Is the spread of the Indian variant in the UK an inevitable result of living with COVID?

 

Acting fast


The Indian variant (B.1.671.2) of COVID-19 is now fairly well entrenched in parts of the UK and is increasing rapidly. Cases in the North West are rising, sharply among the young. For detailed analysis of what we know about this variant and how quickly it is spreading (once we exclude carriers who came from India) it is best to follow Christina Pagel (@chrischirp) e.g. here. She and other experts think that it is of sufficient concern that we should have stopped today's relaxation of the lockdown.


If there is one thing we should have learnt in dealing with COVID (and some of those dealing with pandemics already knew, like Mike Ryan here) is to act fast. If you wait until you know you are right you will lose, because the virus would have already won. Moving fast is an example of the precautionary principle: you plan for the worst outcome even if you are not sure you need to act at all.

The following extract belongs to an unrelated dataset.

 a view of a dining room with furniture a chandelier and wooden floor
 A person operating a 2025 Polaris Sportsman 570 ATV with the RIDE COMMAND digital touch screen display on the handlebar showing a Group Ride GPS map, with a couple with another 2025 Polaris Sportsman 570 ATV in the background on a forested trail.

At the moment we have rather poor information on how effective our vaccines will be in stopping this new variant. But if we wait for clear evidence on that question, it will be too late because by then the variant will have spread too much, such that only a lockdown can stop the spread. This is because the Indian variant is more infectious than the other variants of concern.


Living with COVID


Some of those who read this post about how well the elimination strategy had done compared to the approach in most of the West before vaccines rollout asked how does it apply to a world that is vaccinated? In a post in February I talked about two paths to dealing with COVID once vaccines have been rolled out: elimination and living with COVID. While elimination is clearly superior when we have no vaccine, the issue is more balanced after everyone is vaccinated.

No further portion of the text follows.